Le coup d’éclat de Fayulu est intervenu 48 heures après celui de l’ex-président « Joseph Kabila ». L’ex-chef de l’Etat s’est cru en droit d’inviter la population « à la résistance ». Une déclaration belliqueuse autant qu’irresponsable de la part d’un sénateur à vie astreint au devoir de réserve.

ET MAINTENANT?

Des questions pressantes ont commencé à fuser. Fayulu voudrait-il provoquer un « dialogue » pour contraindre « Fatshi » à former un gouvernement de transition? Aurait-il passé un deal avec l’ancien gouverneur du Katanga, Moïse Katumbi Chapwe, président de l’Ensemble? Des problèmes d’argent auraient-ils forcé Fayulu à jeter l’éponge?

Une chose paraît sûre: dimanche 25 juin 2023, « Martin » risque d’être un homme seul. Irascible et impulsif, le Président de l’ECIDé aime décider au gré de ses humeurs. Seul.

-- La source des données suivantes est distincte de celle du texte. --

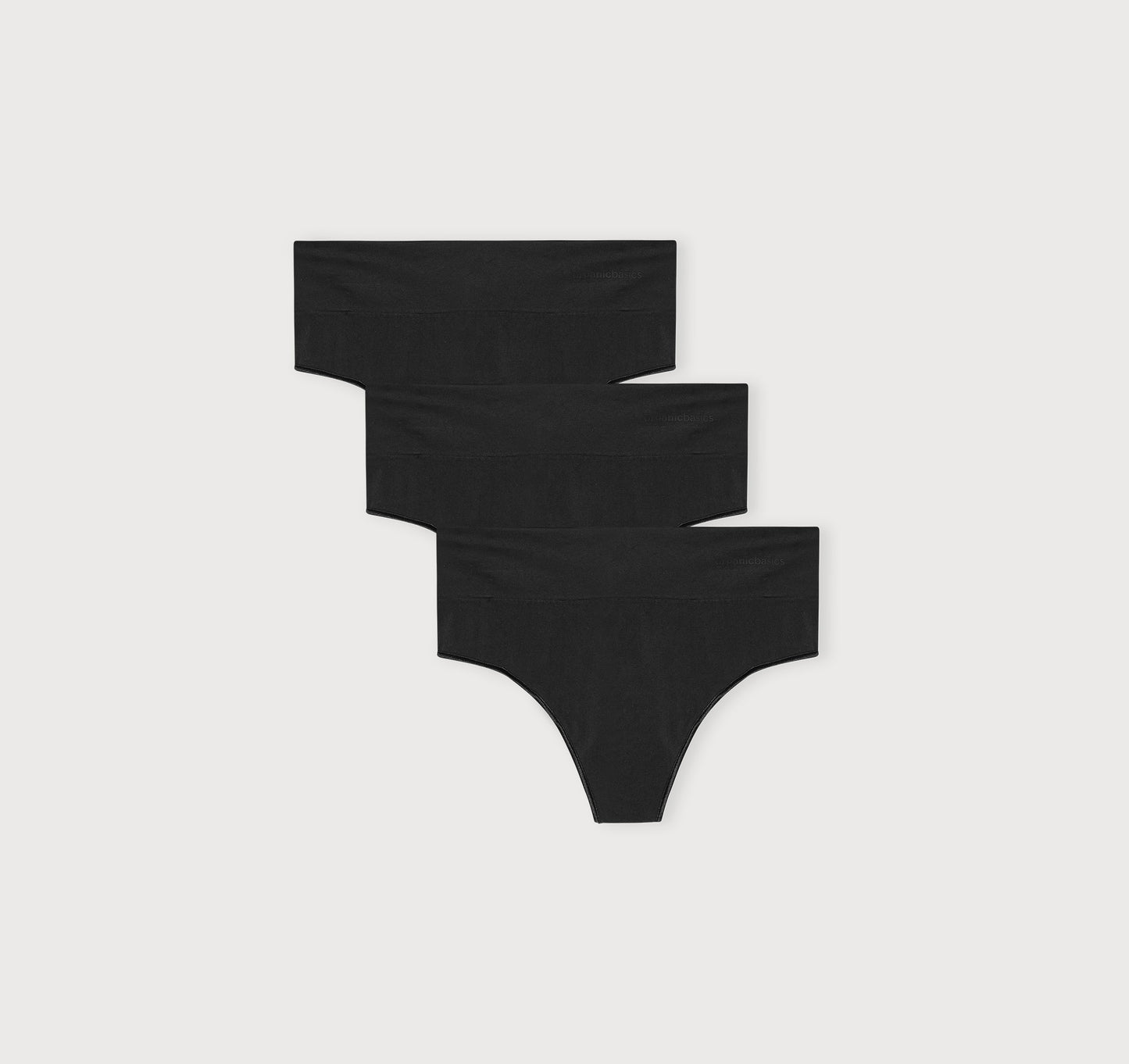 Smooth Thong 3-Pack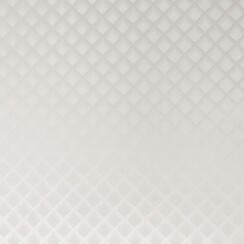 Linge de table Polyline Zafiro blanc rouleau de 20 mètres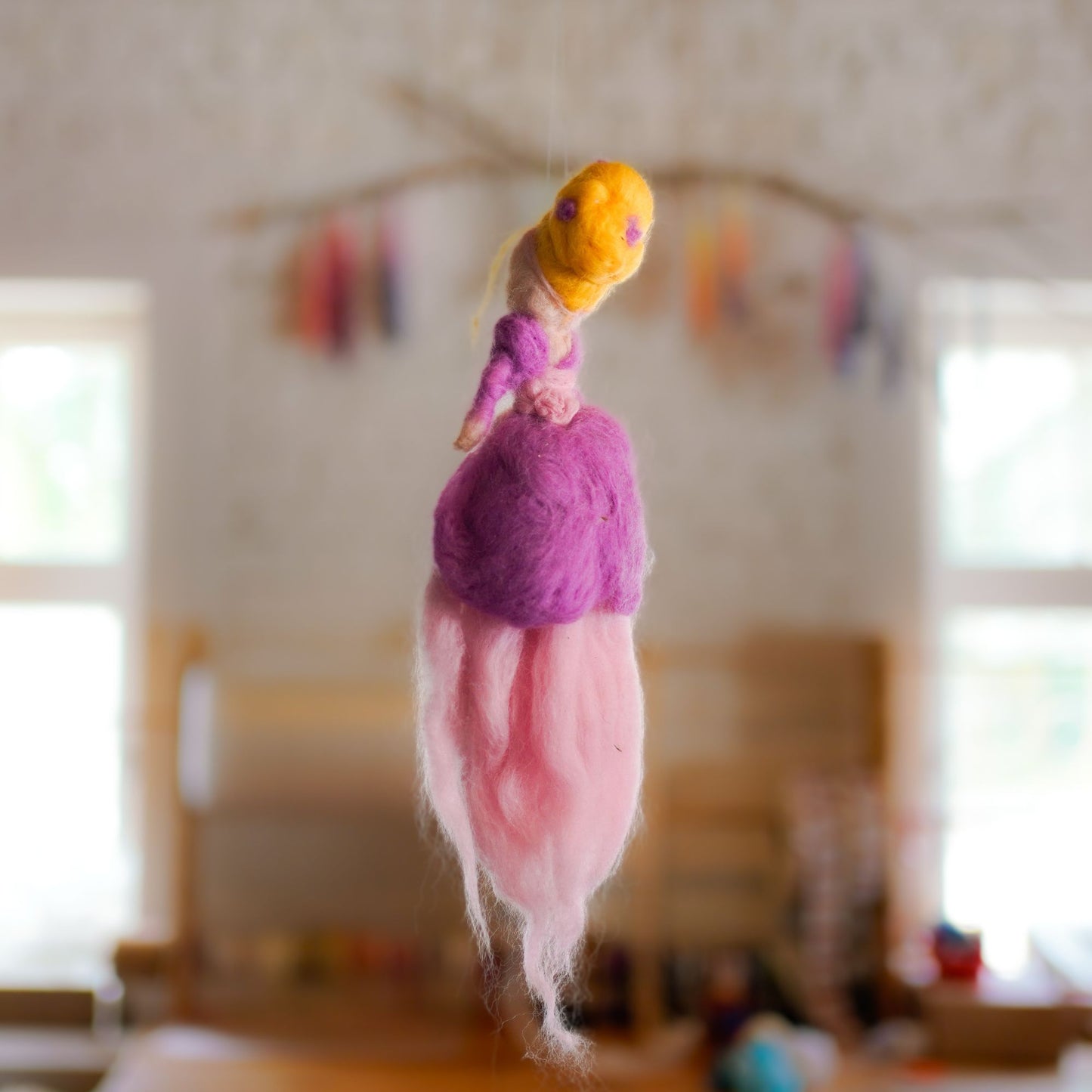 Prinzessin filzen DIY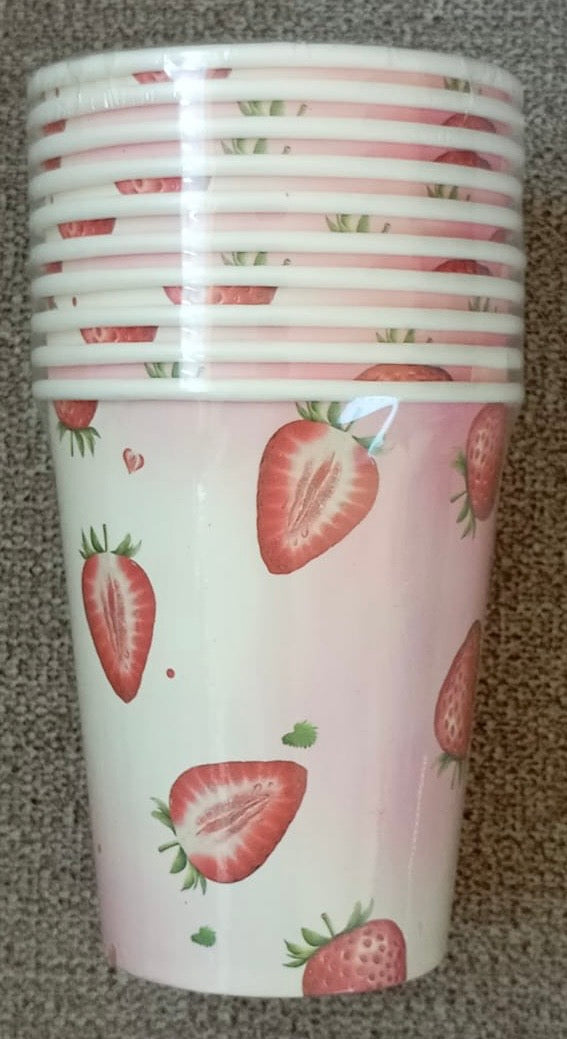 Strawberry party set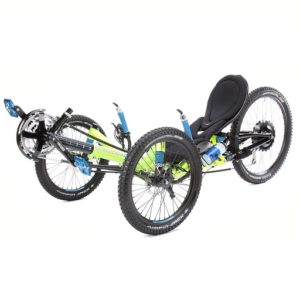 recumbent scorpion trike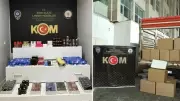 Kaçakçılık Operasyonunda Büyük Miktarda Tütün ve Tehlikeli Madde Ele Geçirildi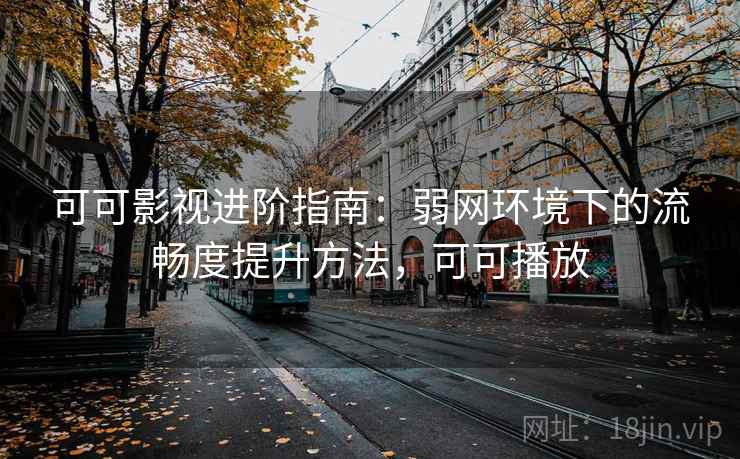 可可影视进阶指南：弱网环境下的流畅度提升方法，可可播放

Dans une déclaration faite le 12 mai dernier, le Rapporteur du Bureau de la CENI, Patricia Nseya Mulela, a déclaré que « le train des élections est en marche ». Et que « rien ne pourra l’arrêter ». La convocation de l’électorat à la députation nationale aura lieu dès dimanche 25 juin. On image que la fameuse Mama Marie Masemi serait heureuse de déposer sa candidature en tant que député.

Et maintenant? Que va faire Martin Fayulu Madidi? Maintenir sa décision impopulaire au risque de se faire hara-kiri? Se dédire dans le sens conseillé par Ados Ndombasi au risque de perdre non seulement la face mais aussi toute crédibilité devant l’opinion?